The difference between kernel ridge regression and features transform + Ridge

I assume you have known how the kernel ridge regression and features transform + Ridge work. They are somewhat the same. I will list some mirror differences between them.

  1. You can only use features transform + Ridge when the number of features is finity.

  2. You can switch off the bias feature in transform. Ridge can include the bias term, at the same time, the penalty term doesn’t include the bias. However, for kernel ridge with the polynomial kernel, the penalty term always includes the bias term.

  3. You can scale the features generated by transform before you use Ridge. it’s equal to customize the punishment strength for each feature. So the Ridge is more flexible. However, you have normally less parameter to tune in KRR.

  4. The fit and prediction time are different. You need to solve the linear system K_NxN x=y in the kernel ridge. You need only to solve the linear system Cov_Nx(D+1) x=y, where N is the number of samples in training, and D the degree of the polynomial.

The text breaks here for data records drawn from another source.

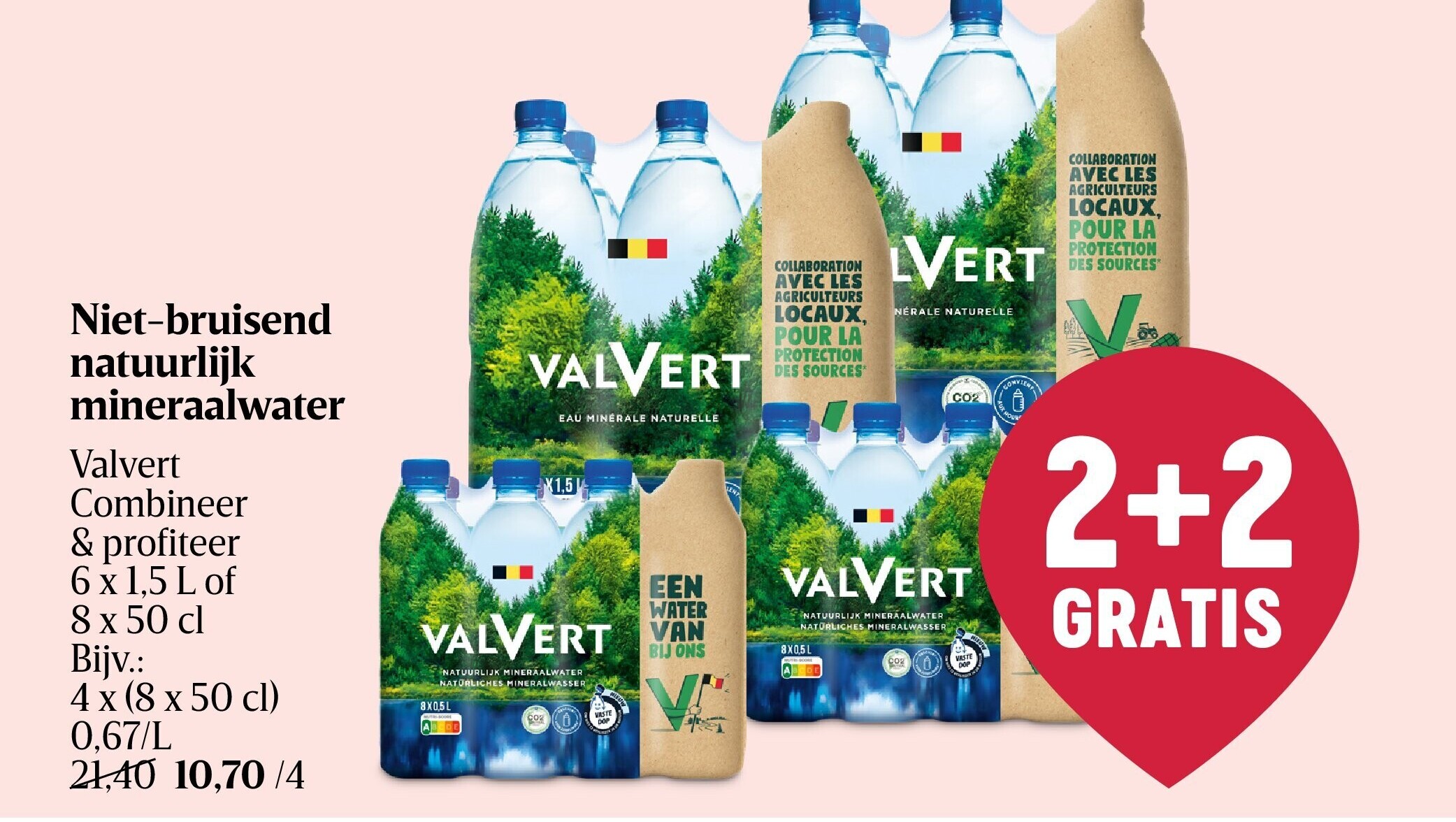Niet-bruisend natuurlijk mineraalwater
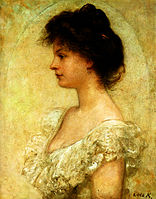 Kornélia Lotzen erretratua (1890)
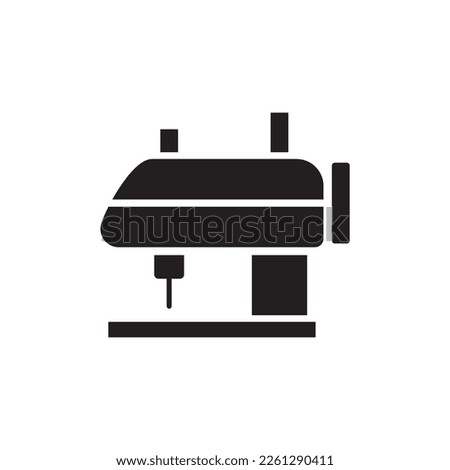 sewing machine icon , tailor icon
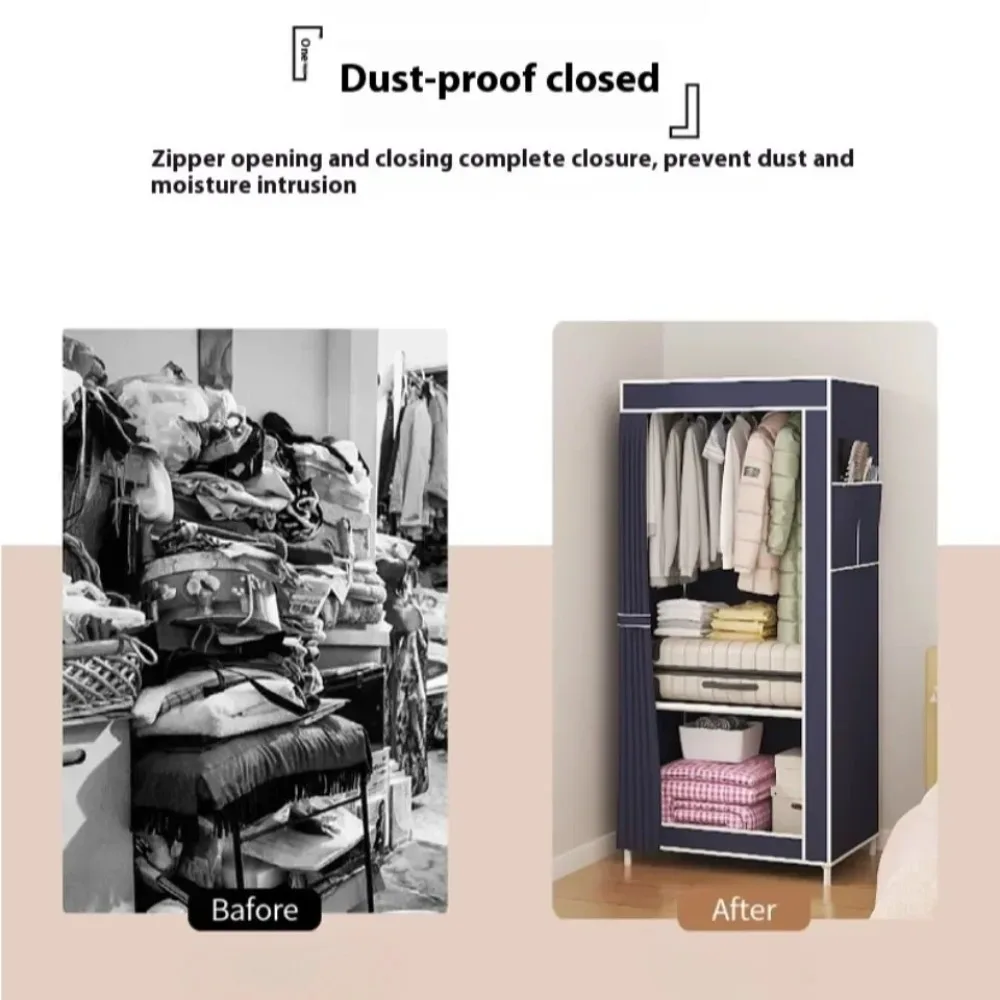 Storage Cabinet Fabric Wardrobe Multi-Layer Dustproof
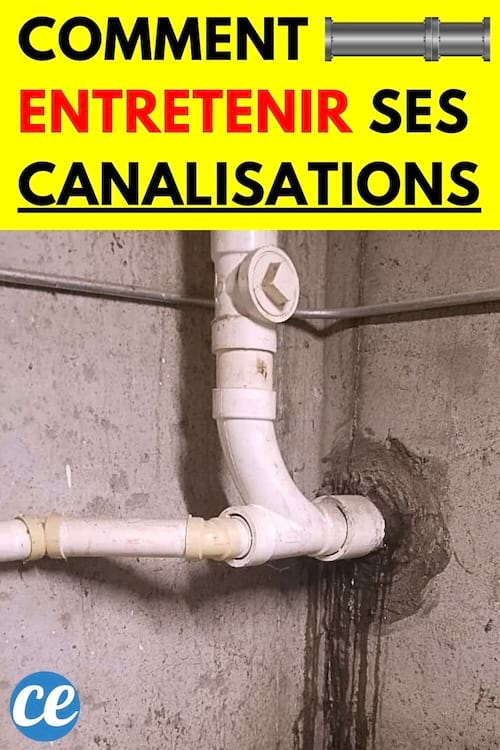 Tuyaux de canalisation blancs 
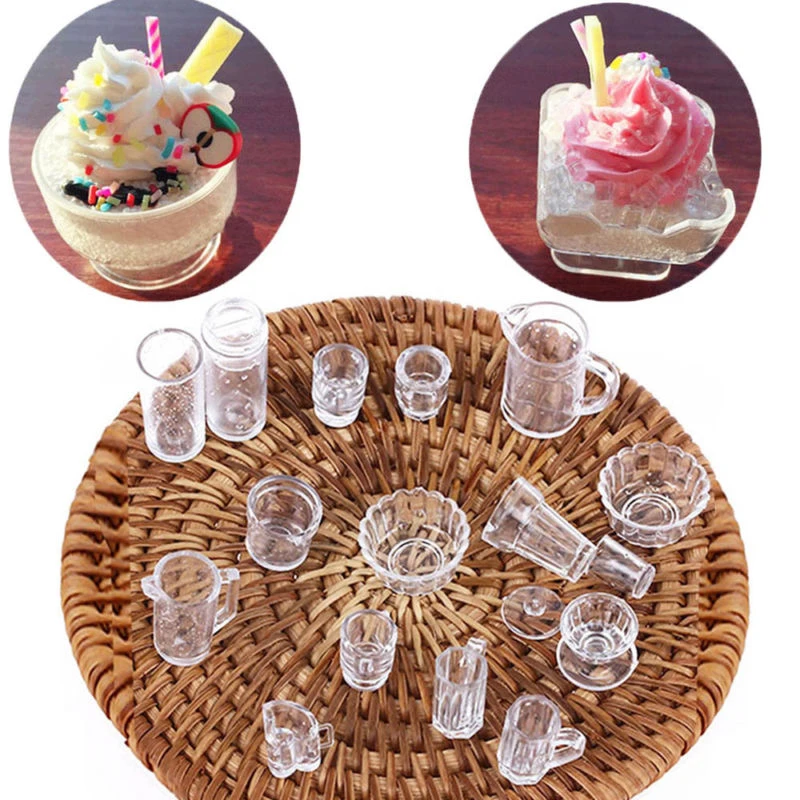 

1:12 Scale Tableware set mini Dish Bowl Miniature decoration 15Pcs high quality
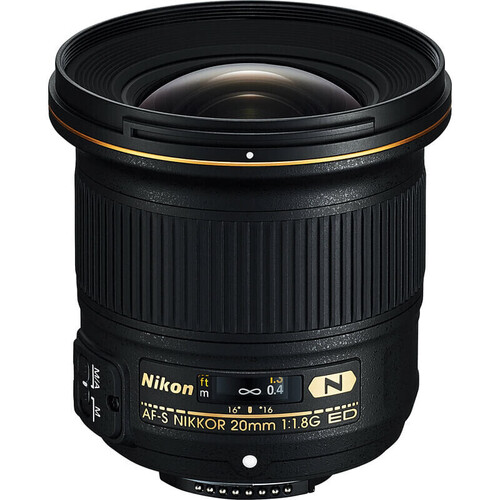 Nikon AF-S NIKKOR 20mm f/1.8G ED DSLR Lens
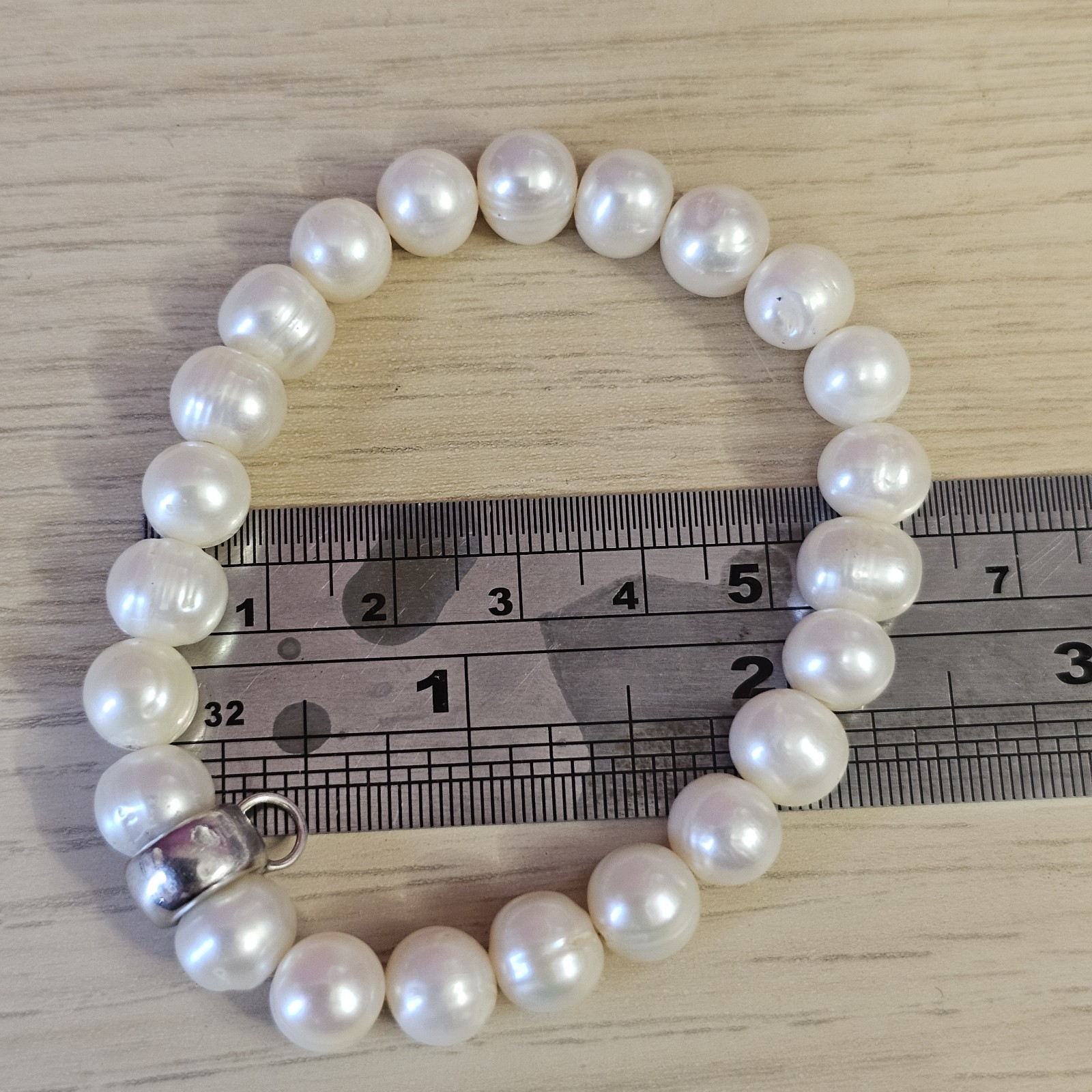 Photo 5 of Pearl Bracelet By Chysalis Stretch With 925 Silver Charm Hanger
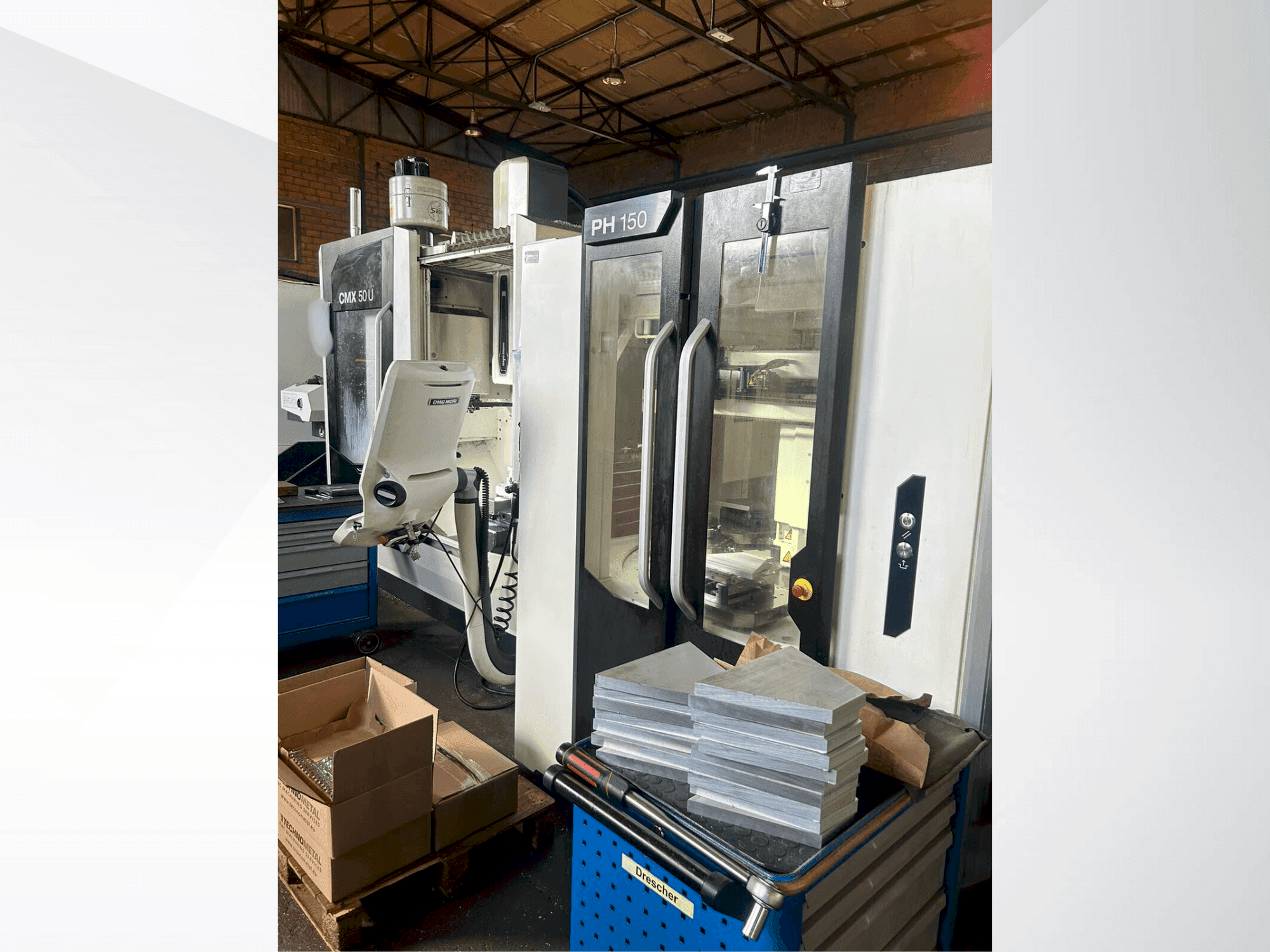 Makine DMG MORI CMX50U - Önden görünüm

  5. Kernel will be (almost) singular if two samples are (near) identical. Furthermore, when alpha is very tiny (for example, you interpolate the data), you will meet the numerical stability problem. Since the K + alpha I is almost singular. You can only overcome this problem by using the Ridge. Although the convaraince matrix is also singular, the singularity will not cause any problem. This is explained in many machine learning textbook.